It sounds too good be true – Hollywood script perfect.

The balding veteran, past his prime, and yet a threat in the back of the minds of the favorites, gets himself ready at the starting line of the marathon. This wasn’t Finland. It is Australia, where it is 30 degrees celsius, a good dozen degrees hotter, and where Emil Zátopek won the marathon to cap an unprecedented sweep of golds in the 5k, 10k and marathon at the 1952 Olympics.

Like a weary warrior, about to lead his troops, one more time into the breach, he is said to have uttered these famous words to his fellow competitors: “Men, today we die a little.”

According to Richard Askwith, author of a brilliant biography of Zátopek , it is unclear if Zátopek said these words at that moment, but based on his deep understanding of the man, he believes he could have said them. “It is hard to think of a neater encapsulation of his spirit: his cheerful camaraderie; his dry humour; and his slightly bonkers bravado in the face of the agonies of his sport. It was also, in context, a starkly accurate prognosis.”

When Zátopek finished the marathon in sixth place, his Olympic career was over. At the age of 34, Zátopek , who over three Olympiads since 1948, became perhaps the most famous athlete in the world, and a beloved hero in his home country of Czechoslovakia. And while one marathon finished, another one would begin.

The Cold War in Europe was reaching frigid temperatures. Just prior to the 1956 Melbourne Games, the Soviet Union had sent troops into Budapest, Hungary to quell an uprising. Twelve years later, Soviet troops would enter Prague, Czechoslovakia for similar reasons. As described in my previous post on Zatopek, the folk hero of Czechoslovakia, when the tanks entered the Czech capital, was at the center of the invasion, shouting in protest for all to see, moving from tank to tank in an attempt to talk sense (in Russian) into the Soviet soldiers. While Zatopek had no noticeable impact on the Soviet presence, his own role in these protests were noticed by the authorities.

With the reformist government in Czechoslovakia brought to heel, and a Soviet-friendly regime in place, Zátopek’s life was turned upside down. Due to his legendary status, he was not sent to a labor prison, nor did he end up deceased.
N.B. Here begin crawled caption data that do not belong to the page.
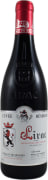 Chateau de Segries Lirac Cuvee Reservee 2015 Front Bottle Shot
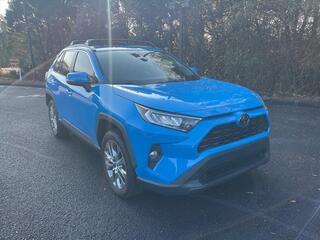 2020 Toyota RAV4 for sale in Enterprise AL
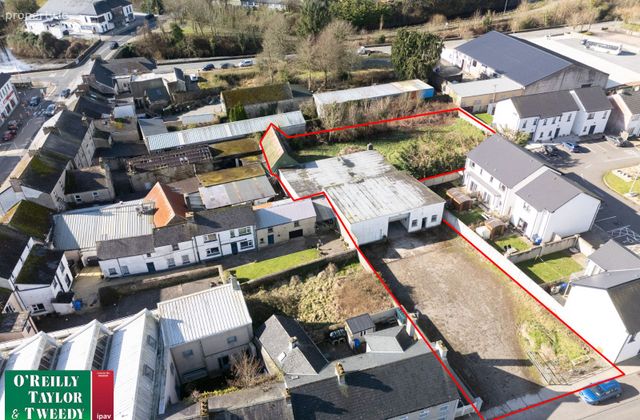 Church Street, Ballinamore, Co. Leitrim - Click to view photos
Instead, he found himself out of a job, no longer a member of the Czechoslovakian Army or the Communist Party. He was, as Askwith explained in this synopsis of his book, Today We Die a Little!: The Inimitable Emil Zátopek, the Greatest Olympic Runner of All Time, a pariah. He could not find work easily. His name was scrubbed from the history books, his many sporting accomplishments – a source of immense pride to Czech leaders and citizens alike up to that time – only to be uttered in whispers.

While Zátopek was one of the most beloved personalities in sports the world over, in Czechoslovakia, friends and relatives were reluctant to go near him. The only work he could find tended to be isolated and hard, which likely caused Zatopek to drink heavily. His marriage suffered and he aged quickly. As Askwith poignantly shows in the synopsis article, he had lost his joie de vivre.

Once, near the village of Lytomysl, a local woman sent her son to present him with a small gift, a piece of smoked meat. The boy was shocked by the disheveled figure who opened the maringotka door. “I am not the Zátopek you used to know,” confessed Emil, bottle in hand.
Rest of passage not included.